↓

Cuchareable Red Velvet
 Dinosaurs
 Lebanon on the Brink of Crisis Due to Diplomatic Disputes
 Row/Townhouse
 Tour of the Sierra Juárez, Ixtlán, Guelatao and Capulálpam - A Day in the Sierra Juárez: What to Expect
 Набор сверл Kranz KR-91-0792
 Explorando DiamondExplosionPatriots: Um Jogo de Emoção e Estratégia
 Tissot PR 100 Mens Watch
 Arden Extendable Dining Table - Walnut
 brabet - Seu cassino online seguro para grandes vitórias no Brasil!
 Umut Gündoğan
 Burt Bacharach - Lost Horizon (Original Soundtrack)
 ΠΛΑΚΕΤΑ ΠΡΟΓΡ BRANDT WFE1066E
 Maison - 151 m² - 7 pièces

↑

WHAT YOU WILL DO: Return, word for word, the line containing "brabet - Seu" and all lines after it through the last line of the records, and nothing else.

OUTPUT BELOW:
 brabet - Seu cassino online seguro para grandes vitórias no Brasil!
 Umut Gündoğan
 Burt Bacharach - Lost Horizon (Original Soundtrack)
 ΠΛΑΚΕΤΑ ΠΡΟΓΡ BRANDT WFE1066E
 Maison - 151 m² - 7 pièces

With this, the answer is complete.